The last time I finished watching a movie and started watching it all over again was … was “The Fall” really the first time I ever did that? It would not surprise me, as it is truly (and that is the word that has been used most frequently in the reviews I have seen) astonishing in so many ways. My first outburst was utter bewilderment that I had never even heard of the film before The Movieness wrote about it in her blog. Looking into production history, casting, location scouting etc. I can only say that books must be written about this film, or films about the astonishing people involved.

In terms of story, this is a melange of Terry Gilliam fantasy, Princess Bride adventure, Pan’s Labyrinth mystery and – very visibly – Baraka. The latter struck me as odd, because there are at least three images / situations that could just have been taken from Baraka, but no relationship between the two films was mentioned. Did director Tarsem just bluntly steal the locations and the folklore dances he used? Well done!
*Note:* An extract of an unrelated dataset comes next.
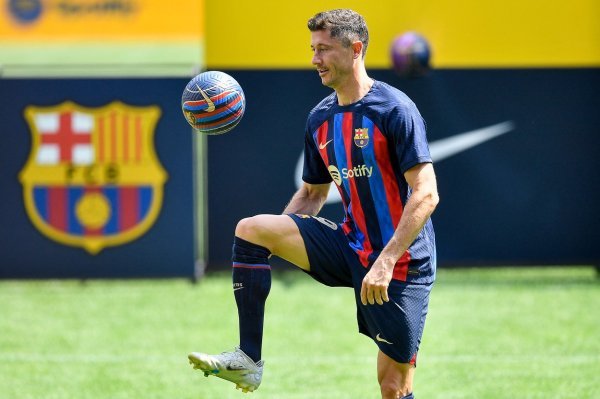 Robert Lewandowski FC Barcelona, predstavljanje na Nou Campu, 5.8.2022.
Apart from the crazily beautiful locations used, the most stunning thing about the film is the casting choice for the female lead, a supposedly 4-year old Romanian girl. The … artificial naturalness … hm… I don’t know, the way she uses English as a strange language that she hardly masters, the way dialogues involve her just not understanding what her counterpart says, and vice versa, this very open and straightforward way of talking that is unique to those who have just started to learn a foreign language and have not yet learned to hide their intentions behind barriers of word shells … loveable to the extreme! I have never been so fascinated by a child actor, ever. Because she remains natural, also in her limited understanding of what the story involves that she is told. She mixes up the Indians she is told about with the Indians that she remembers from other stories. She does not understand why the narrator is killing off characters and tries to claim the story for herself. She is as deeply involved in the story as only a person can be who has not yet learned how to shield off against pain and peril.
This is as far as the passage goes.